The water that fills Earth’s oceans may have begun as frost on particles of dust smaller than candle smoke, locked inside enormous frozen clouds drifting between the stars.

That is the picture emerging from a study published Wednesday in The Astrophysical Journal by scientists using the JPL-managed SPHEREx space telescope. The Pasadena-built and operated mission has mapped vast complexes of interstellar ice stretching more than 600 light-years across the Milky Way — frozen reservoirs of water, carbon dioxide, and carbon monoxide that researchers believe are where most of the universe’s water is formed and stored. The mission’s instrument scientist and its principal investigator are both based at Caltech, and its data is processed and archived at IPAC, also at Caltech in Pasadena.

“These vast frozen complexes are like ‘interstellar glaciers’ that could deliver a massive water supply to new solar systems that will be born in the region,” said Phil Korngut, the instrument scientist for SPHEREx at Caltech in Pasadena. “It’s a profound idea that we are looking at a map of material that could rain on nascent planets and potentially support future life.”

The frozen molecules were found inside giant molecular clouds — sprawling regions of gas and dust where dense clumps of matter collapse under gravity, giving birth to stars — in the Cygnus X and North American Nebula regions of the Milky Way. When a new solar system forms near one of these icy clouds, it can inherit the frozen water, according to the NASA press release announcing the findings.

SPHEREx — short for Spectro-Photometer for the History of the Universe, Epoch of Reionization, and Ices Explorer — is the first infrared space mission specifically designed to detect icy molecules across the entire sky, according to NASA. Previous space telescopes, including the James Webb Space Telescope and the retired Spitzer observatory, have detected such molecules in targeted observations, but SPHEREx’s large-scale spectral survey provides something new: a panoramic view of where the ices are concentrated.

“We expected to detect these ices in front of individual bright stars: The light from a star acts like a spotlight, revealing any ice in the space between us and that star. But this is something different,” said lead author Joseph Hora, an astronomer at the Center for Astrophysics at Harvard & Smithsonian.
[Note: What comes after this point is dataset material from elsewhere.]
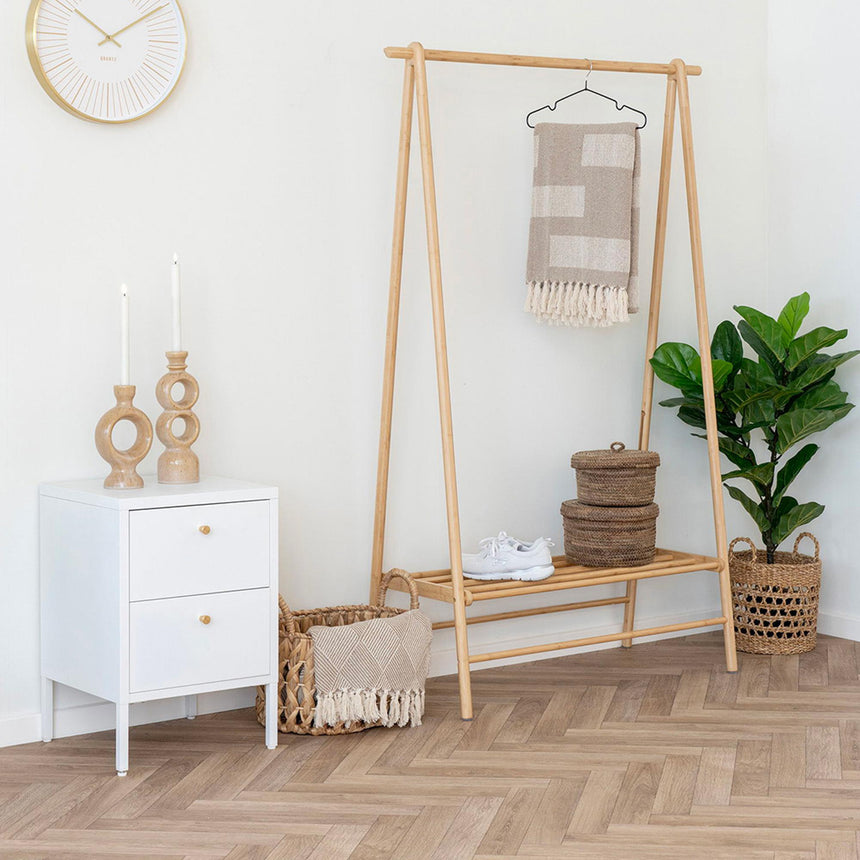 Dalby White Metal 2 Drawer Bedside Cabinet-6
The diffuse background light of the galactic plane, Hora said, shines through entire dust clouds, and SPHEREx can map the distribution of ices within them in detail that was not previously possible.
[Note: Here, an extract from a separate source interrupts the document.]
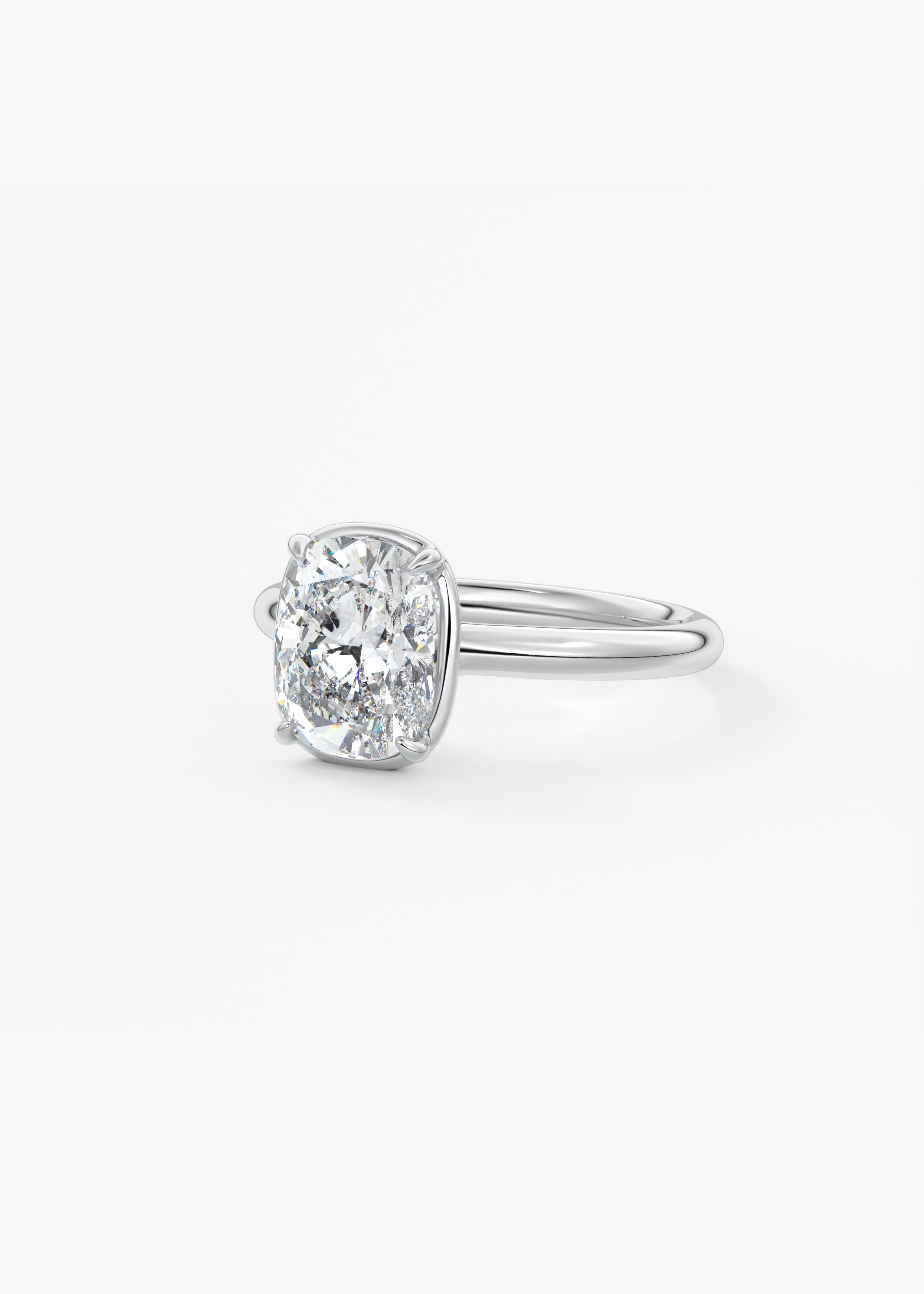 Elongated Cushion Bezel Lab Grown Diamond Engagement Ring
The study supports a hypothesis that interstellar ice forms on the surface of tiny dust particles, which are no larger than particles found in candle smoke. Dense regions of dust shield the ices from the intense ultraviolet radiation emitted by nearby newborn stars, according to the study. Not all ices behave the same way: water and carbon dioxide respond differently to environmental factors such as ultraviolet light and heating from young stars, and SPHEREx can distinguish between them — something ground-based observatories cannot do, according to study coauthor Gary Melnick, an astronomer at the Center for Astrophysics.
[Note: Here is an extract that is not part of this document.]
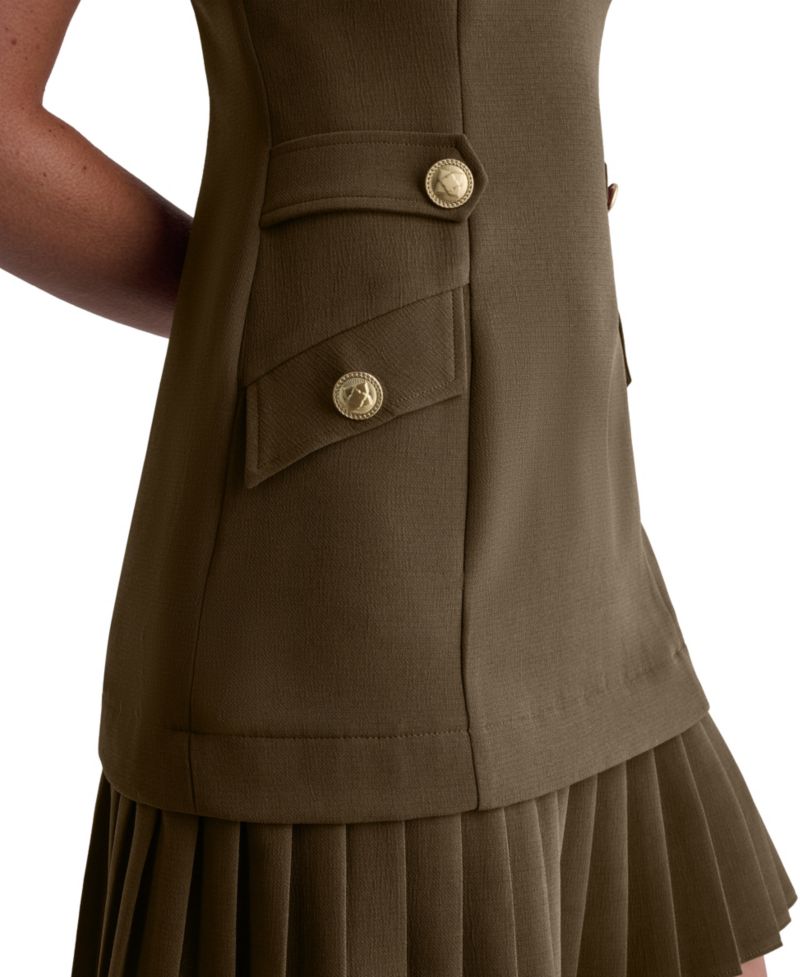 Women's Sleeveless Boat-Neck A-Line Dropwaist Mini Dress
“The SPHEREx mission’s ‘big picture’ view provides valuable new information you can’t get when zooming in on a small region,” Melnick said.

The observatory launched on March 11, 2025, from Vandenberg Space Force Base aboard a SpaceX Falcon 9 rocket. By late 2025, it had completed the first of four planned all-sky infrared maps, charting hundreds of millions of galaxies in three dimensions. The mission is managed by JPL, and its principal investigator is Jamie Bock, a Caltech physicist with a joint JPL appointment. JPL Project Scientist Olivier Doré also oversees the effort. The science analysis is conducted by a team at 13 institutions across the United States, South Korea, and Taiwan, and the SPHEREx dataset is freely available to scientists and the public.

The telescope sees the sky in 102 infrared colors, each representing a different wavelength that offers distinctive information about galaxies, stars, and the regions where planets form. One of the mission’s core goals from the outset has been mapping the chemical signatures of interstellar ice — the frozen molecules that are considered vital to the chemistry that allows life to develop.

The ice maps published Wednesday are among the first scientific results from SPHEREx, and researchers say they represent the beginning, not the conclusion, of the mission’s work on interstellar chemistry. SPHEREx will continue surveying the sky for the remainder of its two-year primary mission, building increasingly detailed maps that scientists hope will illuminate how molecules essential for life reach newly forming planets.

Somewhere in those frozen filaments, threaded through the dark lanes of the Milky Way, is the raw material for oceans that do not yet exist — on worlds that have not yet formed.